Avec Good Time, les frères Safdie suivent la tradition du film noir, désireux de réaliser une œuvre qui va à l’essentiel et qui ne se détourne jamais de son personnage principal, focalisé sur un unique objectif. Jusqu’à la magnifique conclusion bercée par la voix d’Iggy Pop, le spectateur voit Connie sombrer. La prouesse des réalisateurs est de le présenter comme un héros et de faire passer au second plan la morale au profit d’un rêve inaccessible et profondément romantique. À cela s’ajoute une montée en pression sublimée par des jeux de lumière et des gros plans qui finissent d’écraser Connie dans un environnement duquel il ne peut s’échapper. Des exploits qu’ils viennent de réitérer en début d’année avec Uncut Gems.
Robert Pattinson conquis par le travail des réalisateurs
En se lançant dans la réalisation, Josh et Benny Safdie étaient déterminés à rester dans une dynamique indépendante. Cela passait notamment par le fait de faire appel à des acteurs non-professionnels, comme l’explique Josh Safdie dans un entretien autour de Good Time :
Pendant les cinq premières années de notre carrière professionnelle, (…) on ne voulait rien avoir à faire avec l’industrie du cinéma, on voulait être tranquilles. On pensait que pour accéder aux mondes qu’on voulait explorer, il fallait en découvrir la poésie chez de vraies personnes. On était vraiment dégoûtés par les agences à Hollywood et ceux qui suivent les règles à la lettre.

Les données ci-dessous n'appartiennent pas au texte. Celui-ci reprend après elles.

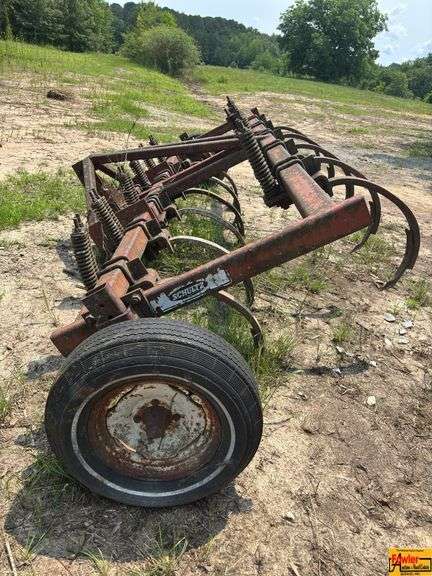 Shultz Chisel Plow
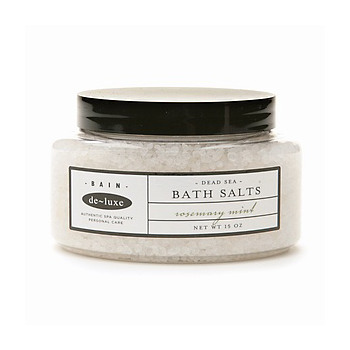 Muối tắm de-luxe BAIN được làm từ muối Biển Chết, tinh dầu Lavender và Cúc La Mã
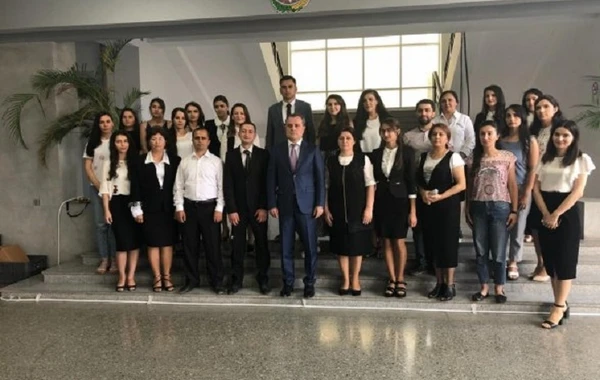 Министр Джейхун Байрамов на экзамене по приему учителей на работу - ФОТО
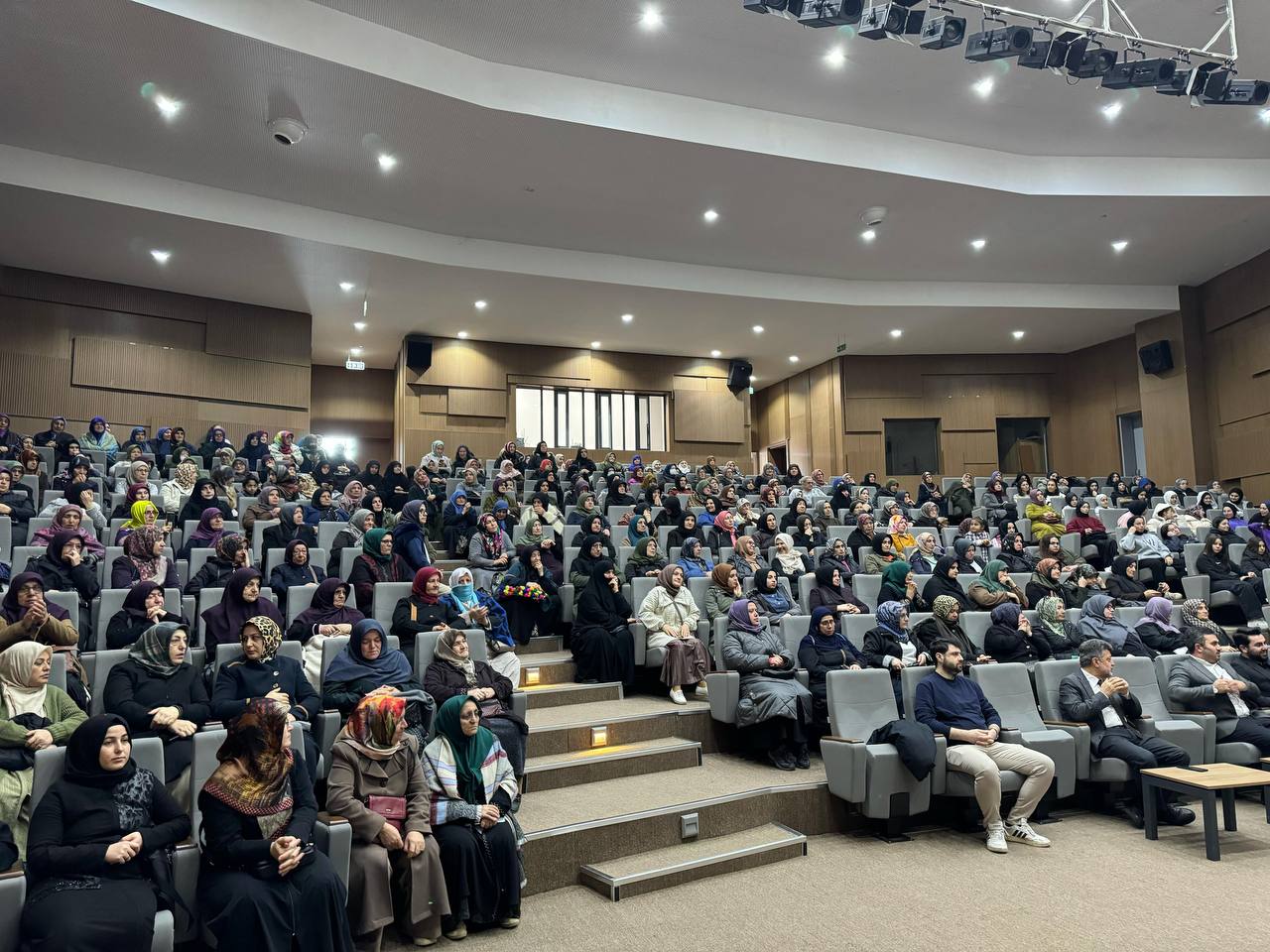 Yeryüzünde iyilik hakim oluncaya kadar çalışacağız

Tout en proposant un cinéma singulier et reflétant notamment une vision de New York éloignée de celle des majors hollywoodiennes, les réalisateurs ont eu envie de toucher un plus large public. Raison pour laquelle ils ont fait évoluer leur vision sur le choix de leurs distributions. De son côté, Robert Pattinson s’est progressivement écarté du carcan des grosses productions, avant d’y revenir récemment avec Tenet et The Batman. Ces dernières années, le comédien a joué dans des projets aussi différents et audacieux que The Rover, The Lost City of Z, High Life ou encore The Lighthouse. En découvrant un aperçu du travail des réalisateurs de Mad Love in New York, Robert Pattinson a immédiatement été séduit, comme le raconte Josh Safdie :
Pour faire de plus gros films, on a réalisé qu’il fallait collaborer. C’est ce qu’on a fait avec l’industrie, mais ils ne se souciaient pas de nous. D’ailleurs c’est toujours le cas. Pour la majeure partie, c’est une vraie bataille. Ensuite, on a pris les choses en main et on a fait Mad Love in New York. (…) Quand on a fait ce film, les seules personnes payées étaient les acteurs. (…) L’énergie et l’amour qui en émanaient sont parvenus jusqu’à Robert (Pattinson). Il les a ressentis en une image. Il n’avait même pas vu tout le film.
Le comédien s’est ensuite montré extrêmement convaincant dans un mail adressé aux Safdie. Une force de persuasion que l’on retrouve d’ailleurs chez Connie, menteur patenté mais attachant. Good Time est à voir ou revoir sur Netflix.